INFORMATION SHOWN:
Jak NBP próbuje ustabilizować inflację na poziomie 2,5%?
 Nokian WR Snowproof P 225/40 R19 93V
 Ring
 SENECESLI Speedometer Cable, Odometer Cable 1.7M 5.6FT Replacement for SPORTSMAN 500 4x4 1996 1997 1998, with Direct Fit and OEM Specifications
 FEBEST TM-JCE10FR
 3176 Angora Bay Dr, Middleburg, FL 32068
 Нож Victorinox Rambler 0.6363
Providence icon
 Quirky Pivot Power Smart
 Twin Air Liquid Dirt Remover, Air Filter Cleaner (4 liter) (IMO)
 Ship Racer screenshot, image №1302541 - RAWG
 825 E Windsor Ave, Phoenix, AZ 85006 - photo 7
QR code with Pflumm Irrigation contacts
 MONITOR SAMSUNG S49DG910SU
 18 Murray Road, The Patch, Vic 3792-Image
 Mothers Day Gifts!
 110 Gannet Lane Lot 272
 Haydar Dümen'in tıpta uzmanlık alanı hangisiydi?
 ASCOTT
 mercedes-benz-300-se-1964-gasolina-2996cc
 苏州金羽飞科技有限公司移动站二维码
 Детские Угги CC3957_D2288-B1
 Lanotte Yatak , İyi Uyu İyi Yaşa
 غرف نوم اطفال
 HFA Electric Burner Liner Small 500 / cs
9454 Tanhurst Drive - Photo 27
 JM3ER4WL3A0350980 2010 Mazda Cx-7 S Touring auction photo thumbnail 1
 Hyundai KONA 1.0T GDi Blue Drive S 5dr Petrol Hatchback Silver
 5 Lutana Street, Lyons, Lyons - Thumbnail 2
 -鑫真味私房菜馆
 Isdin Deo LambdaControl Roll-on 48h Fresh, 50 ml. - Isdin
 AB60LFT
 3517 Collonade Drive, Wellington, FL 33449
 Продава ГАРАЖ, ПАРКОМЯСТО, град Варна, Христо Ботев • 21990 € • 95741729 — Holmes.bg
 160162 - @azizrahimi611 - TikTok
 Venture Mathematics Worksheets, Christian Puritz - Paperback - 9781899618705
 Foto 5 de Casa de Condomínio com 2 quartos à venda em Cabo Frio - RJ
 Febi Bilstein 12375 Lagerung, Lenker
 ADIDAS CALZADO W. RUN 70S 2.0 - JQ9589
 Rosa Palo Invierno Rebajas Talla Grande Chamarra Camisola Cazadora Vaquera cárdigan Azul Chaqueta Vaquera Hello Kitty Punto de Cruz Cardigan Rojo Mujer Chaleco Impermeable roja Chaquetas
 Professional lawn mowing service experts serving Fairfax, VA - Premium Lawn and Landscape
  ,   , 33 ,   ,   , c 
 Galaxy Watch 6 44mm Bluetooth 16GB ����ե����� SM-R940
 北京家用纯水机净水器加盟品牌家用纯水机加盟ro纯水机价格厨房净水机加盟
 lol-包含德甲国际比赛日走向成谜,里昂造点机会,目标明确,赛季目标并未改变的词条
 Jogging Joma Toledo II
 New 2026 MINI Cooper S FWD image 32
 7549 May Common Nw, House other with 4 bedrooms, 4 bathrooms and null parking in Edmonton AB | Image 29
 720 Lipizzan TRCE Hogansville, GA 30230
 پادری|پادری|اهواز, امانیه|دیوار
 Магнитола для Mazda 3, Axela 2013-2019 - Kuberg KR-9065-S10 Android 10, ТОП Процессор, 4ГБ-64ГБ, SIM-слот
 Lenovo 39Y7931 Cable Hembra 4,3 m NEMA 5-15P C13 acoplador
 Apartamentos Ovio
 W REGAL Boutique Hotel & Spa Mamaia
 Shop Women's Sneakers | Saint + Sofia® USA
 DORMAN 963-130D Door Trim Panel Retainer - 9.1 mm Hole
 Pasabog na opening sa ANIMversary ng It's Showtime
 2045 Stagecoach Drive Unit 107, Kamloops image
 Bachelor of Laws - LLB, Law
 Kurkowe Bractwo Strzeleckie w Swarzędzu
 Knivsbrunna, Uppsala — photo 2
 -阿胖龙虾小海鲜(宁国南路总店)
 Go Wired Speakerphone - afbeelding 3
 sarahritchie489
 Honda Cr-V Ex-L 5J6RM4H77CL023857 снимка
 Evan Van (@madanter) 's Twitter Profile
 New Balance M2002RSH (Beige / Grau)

TASK INSTRUCTIONS: Only the number is wanted: count the lines of the records that hold the word "Cable".

RESPONSE FOR THIS EXERCISE: 2